_What to do_
Your task is to quote the records from their first line through the line containing "Du khách tấp", with nothing added or left out.

[Records contained in a dataset]
- Opening Delimiter -

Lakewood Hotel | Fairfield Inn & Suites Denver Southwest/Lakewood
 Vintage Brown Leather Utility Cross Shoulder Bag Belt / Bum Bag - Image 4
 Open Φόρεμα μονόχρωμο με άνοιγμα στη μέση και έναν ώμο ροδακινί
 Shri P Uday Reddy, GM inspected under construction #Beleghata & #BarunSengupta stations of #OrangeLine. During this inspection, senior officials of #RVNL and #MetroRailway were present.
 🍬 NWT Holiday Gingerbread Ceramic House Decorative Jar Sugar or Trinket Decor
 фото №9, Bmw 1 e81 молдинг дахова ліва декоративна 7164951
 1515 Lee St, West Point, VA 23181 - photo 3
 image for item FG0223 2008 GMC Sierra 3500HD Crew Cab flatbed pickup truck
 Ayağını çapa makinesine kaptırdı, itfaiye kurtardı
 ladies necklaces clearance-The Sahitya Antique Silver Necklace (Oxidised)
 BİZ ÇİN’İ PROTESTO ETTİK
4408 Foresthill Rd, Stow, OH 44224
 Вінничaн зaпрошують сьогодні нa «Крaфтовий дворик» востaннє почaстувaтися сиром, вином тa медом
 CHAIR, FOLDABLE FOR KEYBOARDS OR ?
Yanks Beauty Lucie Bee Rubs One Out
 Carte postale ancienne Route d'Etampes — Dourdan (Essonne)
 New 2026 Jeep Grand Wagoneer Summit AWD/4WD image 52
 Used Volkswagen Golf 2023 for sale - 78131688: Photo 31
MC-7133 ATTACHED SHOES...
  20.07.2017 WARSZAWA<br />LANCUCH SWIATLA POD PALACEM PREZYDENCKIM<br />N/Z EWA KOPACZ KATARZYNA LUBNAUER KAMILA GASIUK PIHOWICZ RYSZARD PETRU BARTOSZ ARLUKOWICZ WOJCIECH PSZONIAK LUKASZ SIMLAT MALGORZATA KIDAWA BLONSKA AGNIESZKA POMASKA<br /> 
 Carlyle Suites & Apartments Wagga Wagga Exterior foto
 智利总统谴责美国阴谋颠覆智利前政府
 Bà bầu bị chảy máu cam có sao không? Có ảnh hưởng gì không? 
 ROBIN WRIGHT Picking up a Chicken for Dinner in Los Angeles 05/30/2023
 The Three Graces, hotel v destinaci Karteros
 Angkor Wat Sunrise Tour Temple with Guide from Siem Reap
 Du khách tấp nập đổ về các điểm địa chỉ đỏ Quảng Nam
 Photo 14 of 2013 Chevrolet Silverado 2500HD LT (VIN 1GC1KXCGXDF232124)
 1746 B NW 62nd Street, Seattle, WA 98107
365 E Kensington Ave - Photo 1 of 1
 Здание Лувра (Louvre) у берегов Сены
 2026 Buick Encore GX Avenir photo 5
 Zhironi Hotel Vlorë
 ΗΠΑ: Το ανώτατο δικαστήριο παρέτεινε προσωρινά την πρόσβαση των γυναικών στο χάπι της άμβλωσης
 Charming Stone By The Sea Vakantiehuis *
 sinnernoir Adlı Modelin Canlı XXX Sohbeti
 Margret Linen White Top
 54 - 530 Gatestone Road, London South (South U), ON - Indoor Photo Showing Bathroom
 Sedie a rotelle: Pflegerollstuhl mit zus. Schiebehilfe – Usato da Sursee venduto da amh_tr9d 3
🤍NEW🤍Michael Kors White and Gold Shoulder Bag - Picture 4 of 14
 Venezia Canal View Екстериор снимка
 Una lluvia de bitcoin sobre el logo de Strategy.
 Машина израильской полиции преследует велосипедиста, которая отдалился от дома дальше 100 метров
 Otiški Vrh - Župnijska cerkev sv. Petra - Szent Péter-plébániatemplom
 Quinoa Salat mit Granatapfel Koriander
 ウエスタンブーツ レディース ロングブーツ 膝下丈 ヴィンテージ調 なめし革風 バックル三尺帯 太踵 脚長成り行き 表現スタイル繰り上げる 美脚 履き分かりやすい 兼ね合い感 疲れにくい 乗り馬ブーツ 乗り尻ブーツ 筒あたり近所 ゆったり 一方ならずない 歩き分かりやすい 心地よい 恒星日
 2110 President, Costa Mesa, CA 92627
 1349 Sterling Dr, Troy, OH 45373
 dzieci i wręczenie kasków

- Closing Delimiter -

_Output of the exercise_
Lakewood Hotel | Fairfield Inn & Suites Denver Southwest/Lakewood
 Vintage Brown Leather Utility Cross Shoulder Bag Belt / Bum Bag - Image 4
 Open Φόρεμα μονόχρωμο με άνοιγμα στη μέση και έναν ώμο ροδακινί
 Shri P Uday Reddy, GM inspected under construction #Beleghata & #BarunSengupta stations of #OrangeLine. During this inspection, senior officials of #RVNL and #MetroRailway were present.
 🍬 NWT Holiday Gingerbread Ceramic House Decorative Jar Sugar or Trinket Decor
 фото №9, Bmw 1 e81 молдинг дахова ліва декоративна 7164951
 1515 Lee St, West Point, VA 23181 - photo 3
 image for item FG0223 2008 GMC Sierra 3500HD Crew Cab flatbed pickup truck
 Ayağını çapa makinesine kaptırdı, itfaiye kurtardı
 ladies necklaces clearance-The Sahitya Antique Silver Necklace (Oxidised)
 BİZ ÇİN’İ PROTESTO ETTİK
4408 Foresthill Rd, Stow, OH 44224
 Вінничaн зaпрошують сьогодні нa «Крaфтовий дворик» востaннє почaстувaтися сиром, вином тa медом
 CHAIR, FOLDABLE FOR KEYBOARDS OR ?
Yanks Beauty Lucie Bee Rubs One Out
 Carte postale ancienne Route d'Etampes — Dourdan (Essonne)
 New 2026 Jeep Grand Wagoneer Summit AWD/4WD image 52
 Used Volkswagen Golf 2023 for sale - 78131688: Photo 31
MC-7133 ATTACHED SHOES...
  20.07.2017 WARSZAWA<br />LANCUCH SWIATLA POD PALACEM PREZYDENCKIM<br />N/Z EWA KOPACZ KATARZYNA LUBNAUER KAMILA GASIUK PIHOWICZ RYSZARD PETRU BARTOSZ ARLUKOWICZ WOJCIECH PSZONIAK LUKASZ SIMLAT MALGORZATA KIDAWA BLONSKA AGNIESZKA POMASKA<br /> 
 Carlyle Suites & Apartments Wagga Wagga Exterior foto
 智利总统谴责美国阴谋颠覆智利前政府
 Bà bầu bị chảy máu cam có sao không? Có ảnh hưởng gì không? 
 ROBIN WRIGHT Picking up a Chicken for Dinner in Los Angeles 05/30/2023
 The Three Graces, hotel v destinaci Karteros
 Angkor Wat Sunrise Tour Temple with Guide from Siem Reap
 Du khách tấp nập đổ về các điểm địa chỉ đỏ Quảng Nam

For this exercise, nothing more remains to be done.